You have been given two strings 'S' and ‘T’. Your task is to find if ‘S’ follows the same pattern as ‘T’.

Here follow means a full match, i.e. there is a bijection between a letter of ‘T’ and a non-empty word of ‘S’.

For Example: 
If the given string is S = "lion cow cow lion" and T = “wccw”, then the string ‘S’ follows the same pattern as string ‘T’.
Note: 
'T’ contains only lowercase English letters.

‘S’ contains only lowercase English letters and spaces.

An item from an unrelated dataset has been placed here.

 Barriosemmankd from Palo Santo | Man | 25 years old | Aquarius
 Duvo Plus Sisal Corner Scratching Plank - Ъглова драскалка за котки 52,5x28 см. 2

‘S’ does not contain any trailing or leading spaces. All words in ‘S’ are separated by a single space.
Detailed explanation ( Input/output format, Notes, Images )
Input Format: 
The first line contains an integer 't' which denotes the number of test cases or queries to be run. Then the test cases follow.

The first line of each test case contains a string ‘S’.

The second line of each test case contains a string ‘T’.
Output Format: 
For each test case, the only line of output will print “Yes” if ‘S’ follows the same pattern as ‘T’. Else print “No”.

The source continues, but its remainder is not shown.